Your assignment => Exact repetition of a range: find the line containing "アロミックフィット 本体+専用オイル30ml (香り：リラックスタイム)" and the line containing "Thumbnail - Tazzio Jeans A109" in the material below, then repeat both and all lines between them, leaving pictures out.

Source material =>
● ● ●
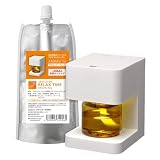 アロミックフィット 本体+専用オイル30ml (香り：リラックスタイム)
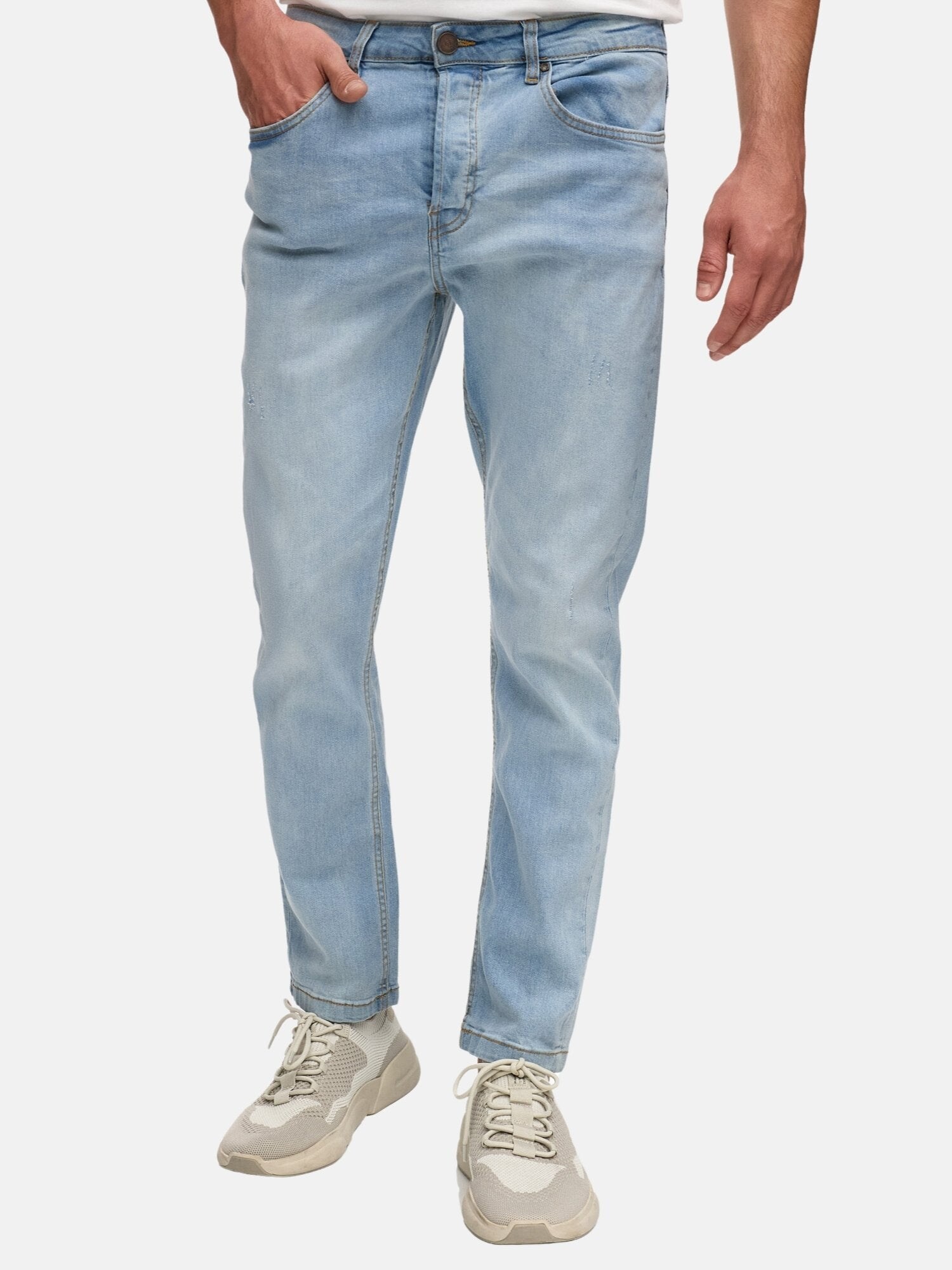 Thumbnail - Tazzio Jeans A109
● ● ●
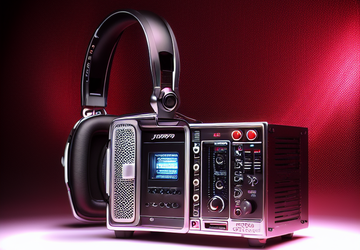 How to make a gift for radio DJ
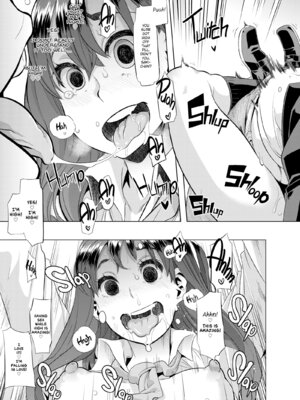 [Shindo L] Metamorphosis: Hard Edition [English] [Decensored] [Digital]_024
● ● ●
Exercise answer =>
 アロミックフィット 本体+専用オイル30ml (香り：リラックスタイム)
 Thumbnail - Tazzio Jeans A109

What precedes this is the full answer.